Alveo is a Virtual Laboratory for Human Communication data and provides a repository for language data (speech, video, text) as part of its services.   Data hosted by Alveo can be kept private, shared with other researchers or published under an appropriate licence. Published datasets can be associated with a DOI (Digital Object Identifier) allowing them to be cited in publications.  Alveo provides and API to allow access to data stored in the repository and there are a number of tools that can be used to work directly on this data.  For example, Tinker has some recipes that take data directly from the Alveo API and perform Named Entity Recognition on the text and you can explore textual collections directly in Voyant via the Alveo platform. 

Voyant is a web based text analysis platform.  Data uploaded to a Voyant Tools server can be analysed and visualised in a number of different ways to provide insight into the texts. While it is possible to upload data to a public Voyant Tools instance for analysis, the data then becomes public by default (although there are ways to protect it) and you are creating yet another copy of your dataset that needs to be managed.

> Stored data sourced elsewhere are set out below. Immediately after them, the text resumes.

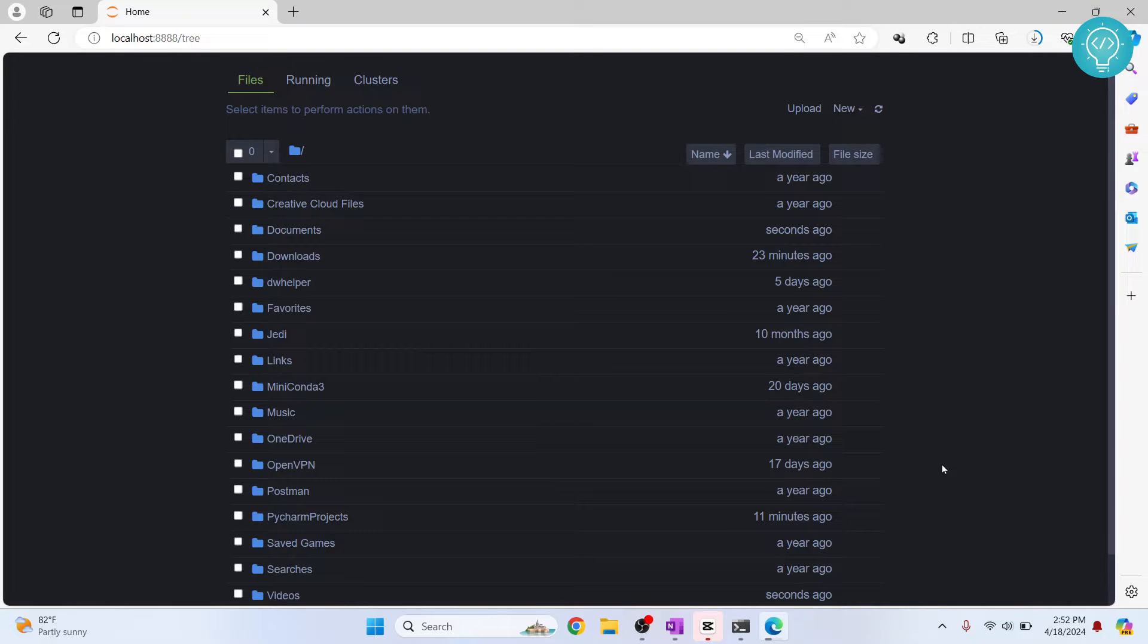Welcome to this video guys. In this video, I'll show you how you can create virtual environments in a Jupyter notebook and how you can activate and use them.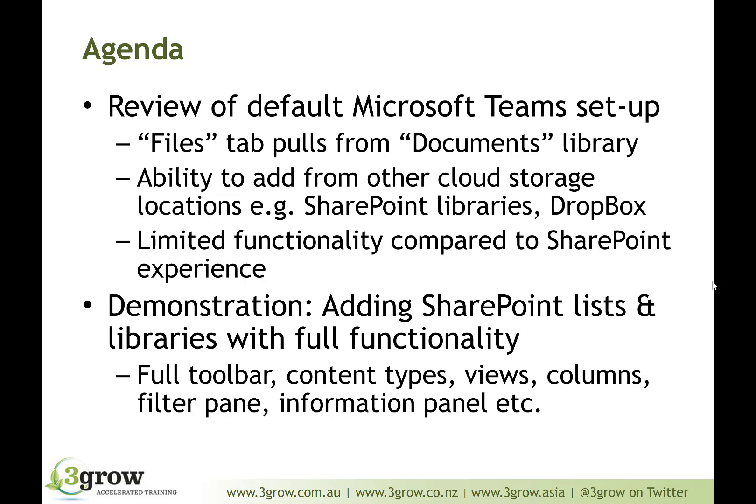We do also have the ability to add from further cloud storage locations, such as SharePoint libraries, Dropbox, Box, Google Drive, places like that.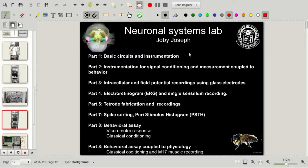To achieve that, we will be starting from the basics and step through these set of experiments which you can see on the screen here. We will briefly go through these techniques first, and then my plan is to take up a problem which will require some of these techniques and address it. In the process, we will see how these different techniques are used for addressing problems related to physiology and behavior.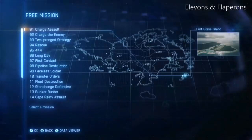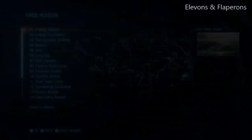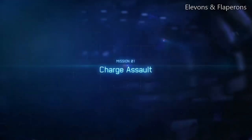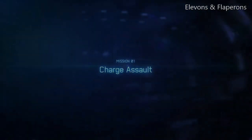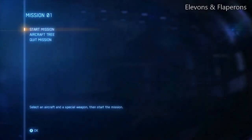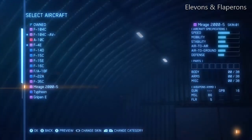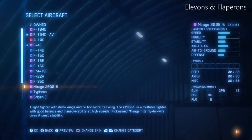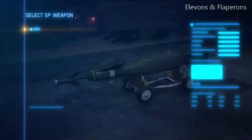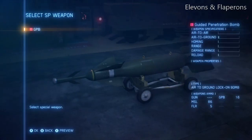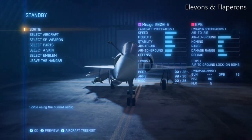In this lesson we're going to look at Elevons and Flaperons. We'll use two example aircraft: the Dassault Mirage 2000, which is a French aircraft with Elevons, and the F-16, which is an American aircraft that has Flaperons and Tailerons.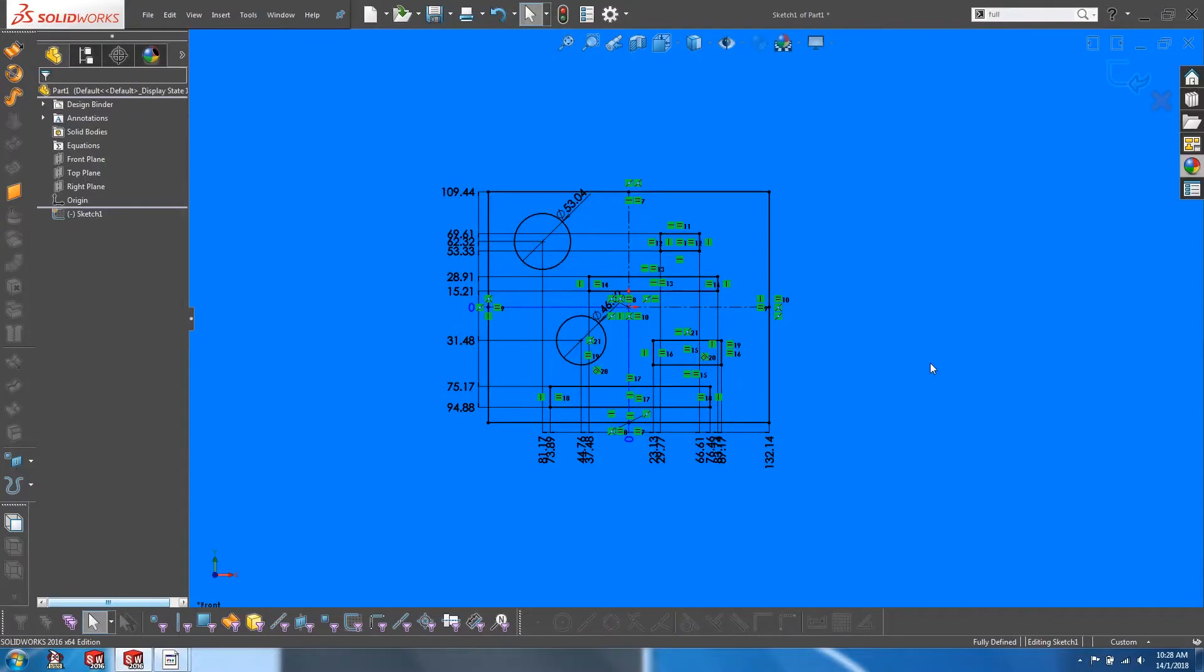In the course of doing sketches, as we add more and more entities, the screen tends to get cluttered up with dimensions and sketch relations and these can often get in the way.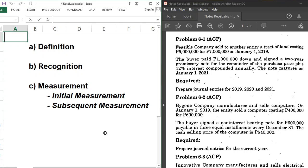Regarding recognition, notes receivable is generally a current asset. If the problem doesn't specify the classification or maturity date, it will fall under current assets unless stated otherwise.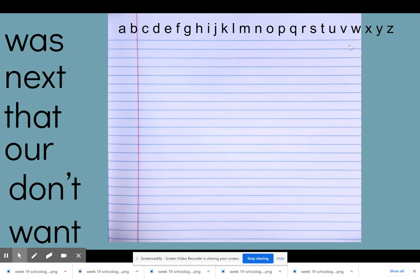Hey boys and girls. So today when we practice our words, we're going to do something brand new that we've never done before. I'm going to teach you something new that you need to learn about, and we're going to use these six words to help us. So let's just review our words.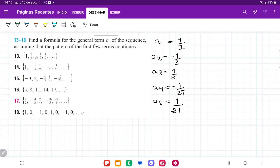From here we can immediately see a pattern. The first thing is that it goes positive, negative, positive, negative, positive, and so on. Whenever we have something that alternates sign, we know that we're going to have minus 1 to the power of something. If n equals 1 we get minus 1; if n equals 2, minus 1 times minus 1 is positive; if n equals 3 it's negative 1; n equals 4 gives positive 1, and so on.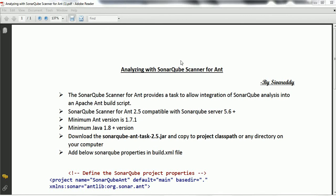Hi guys, this is Shivadi. Welcome to the session on SonarQube Scanner for ANT. In this session I am going to explain how you can analyze source code of your ANT Java project using the SonarQube Scanner. Let's go ahead and start.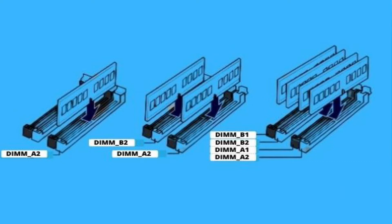Similarly, for more than two RAMs, insert the third RAM in the second slot and then the fourth RAM in the fourth slot, and you are done. However, some motherboards come with different color slots when it's dual or quad channel RAM slots.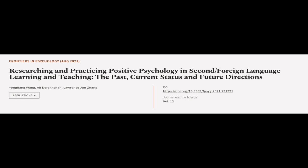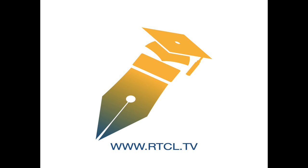This article was authored by Yongyang Wang, Ali Derakhshan, and Lawrence Jun Zhang. We are article.tv, links in the description below.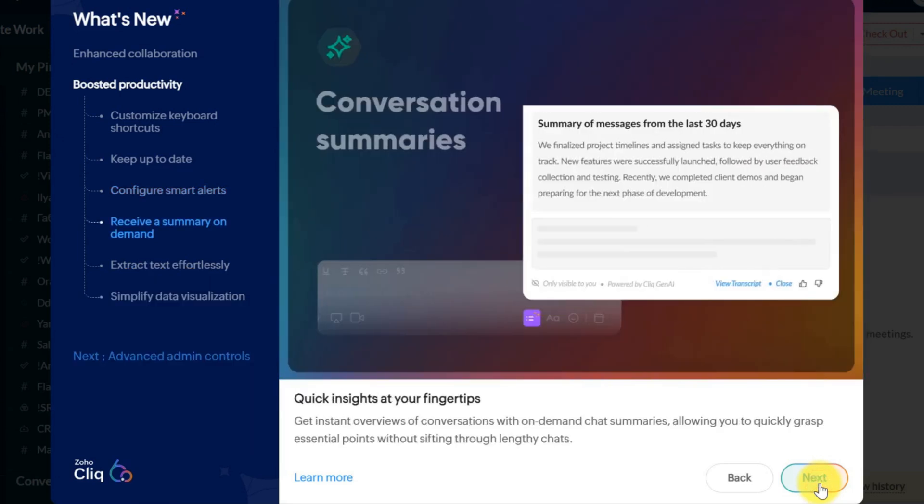Need a quick recap? With conversation summaries on demand, you can instantly get an overview of recent conversations, making it easy to catch up without sifting through lengthy chat histories.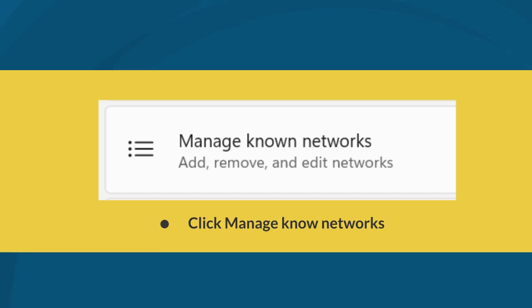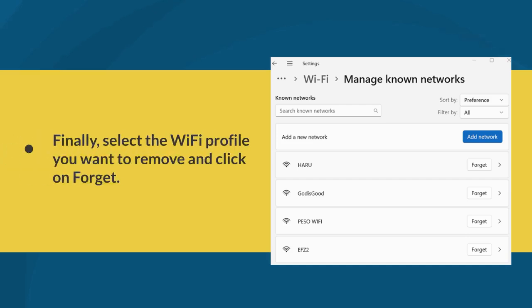After that, click on Manage Known Networks. Finally, select the Wi-Fi profile you want to remove and click Forget.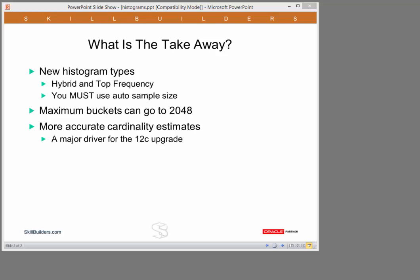The conclusion, you will get, following your upgrade, more accurate cardinality estimates. Much better performing SQL. And this should be a major driver for the 12c upgrade.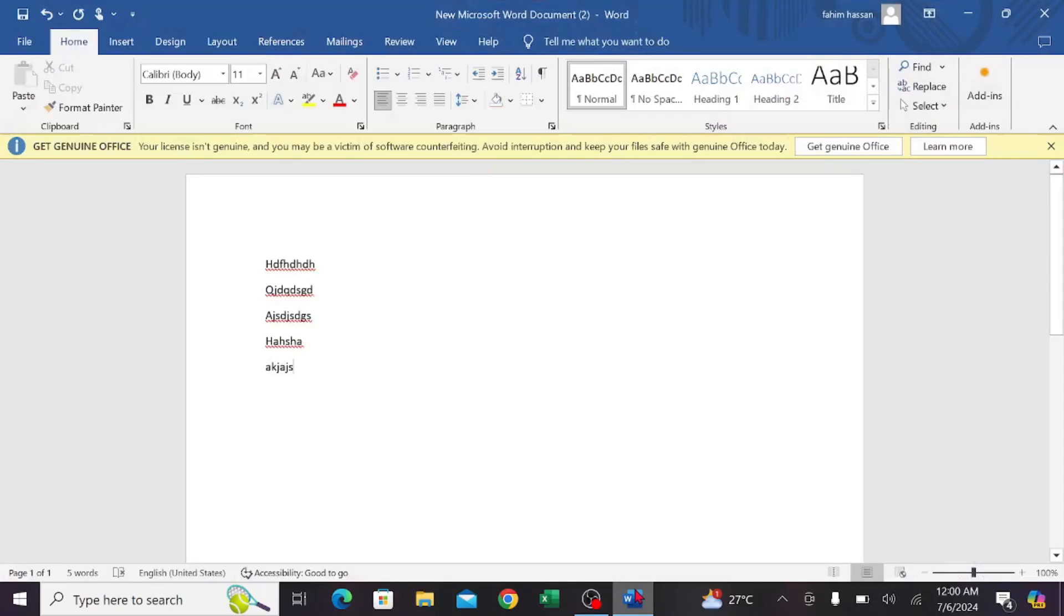Hello everyone, welcome to my YouTube channel. In this video, I'm going to show you how to put bullet points side by side in Microsoft Word. Let's start the video. First of all, go to your Word document.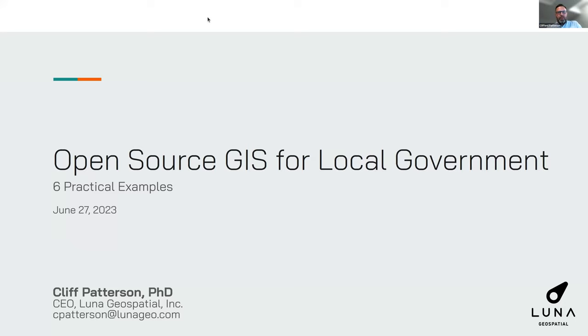Hello, everyone. Thanks for showing up. This is going to be fun. You are attending Open Source GIS for Local Government. Thanks for being here. Six practical examples is what we're going to be going through.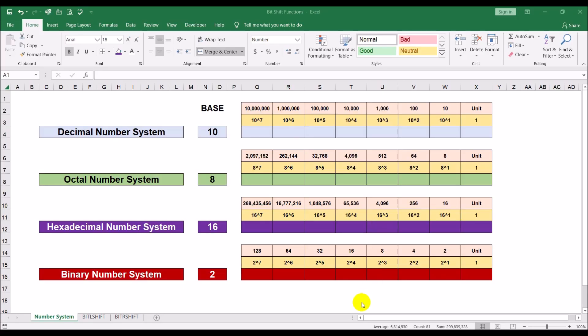Salaam guys, Ifan back again with another video. In this video we will be discussing two functions in Microsoft Excel: the bit left shift and the bit right shift. This video is going to be slightly different from the earlier videos I have done on Microsoft Excel, in that it will be more targeted towards people who program computers, because we will be talking about shifting of bits left and right.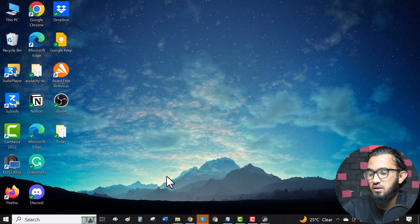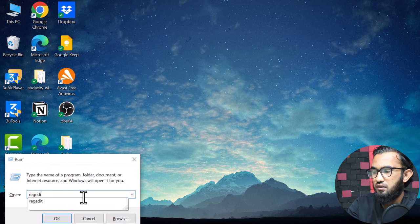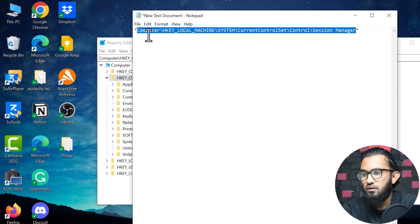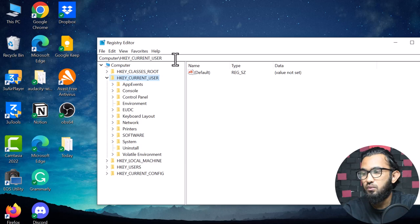If that doesn't help, the next method is working with the Registry Editor to solve this error permanently. First, press the Windows key plus R to open the Run command, then type 'regedit' and hit Enter. Click Yes, then copy the directory path — it will be given in the description box — and paste it into the Registry Editor window.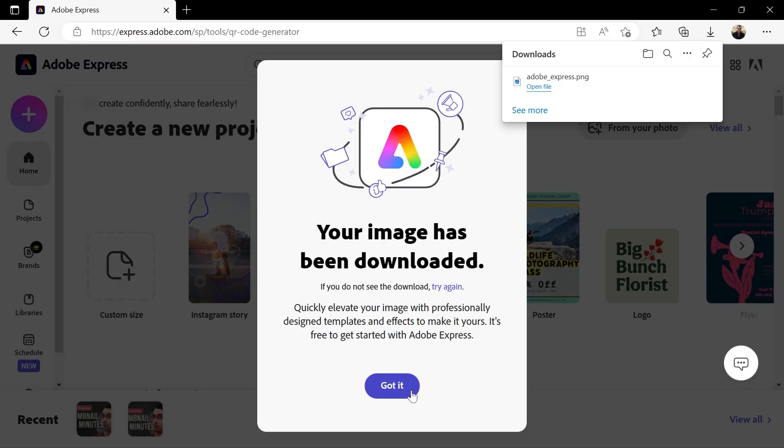Got it? Well if you got it, just click got it. But don't click got it if you didn't get it. Only click got it if you really got it. We got it. Okay good.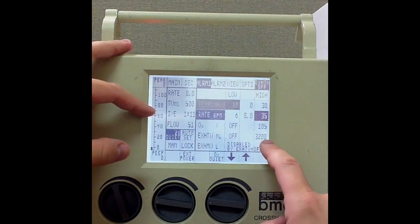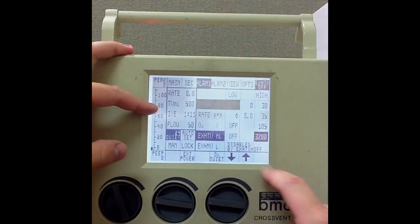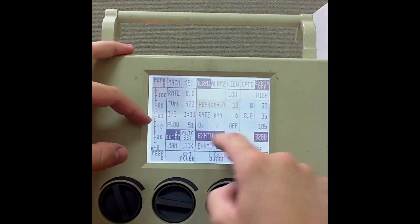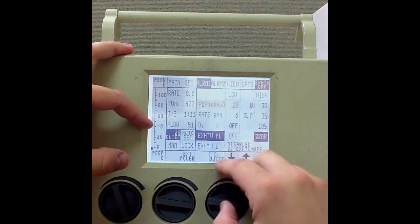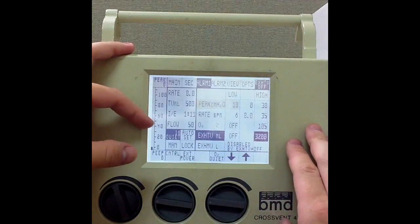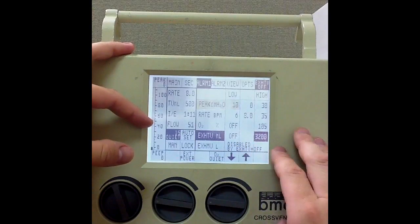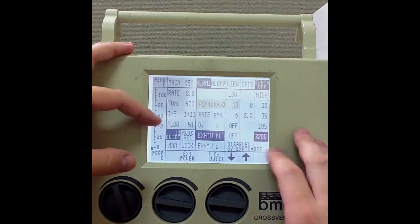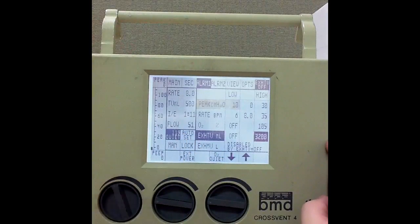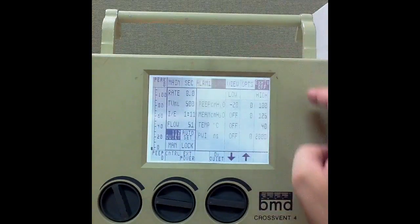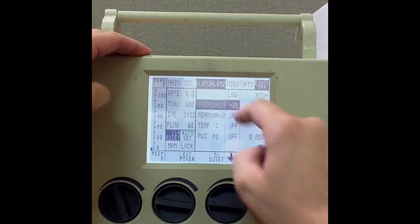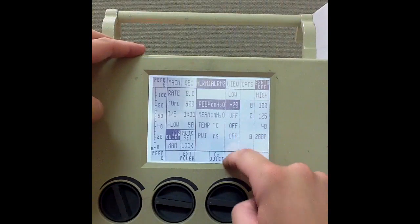Exhaled minute ventilation — it's not going to do anything for me right now because I'm not ventilating, but we set that a liter above and maybe a liter below what our patient is exhaling. We'll give ourselves another two minutes there. Then I'm going to go ahead and go to alarm 2 and set my low and high PEEP. My PEEP is at 5.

To facilitate the analysis of text data stored on Alveo, an instance of Voyant Tools is available as part of the Alveo platform and any text collection stored in Alveo can be made available for analysis on Voyant.   The advantage of this approach is that users don’t need to create new copies of data to upload to Voyant and, importantly, collections are protected by the same user permissions as the rest of the Alveo platform.  Users who have not agreed to the licence terms for a collection or been granted access to it cannot access the collection via Voyant Tools.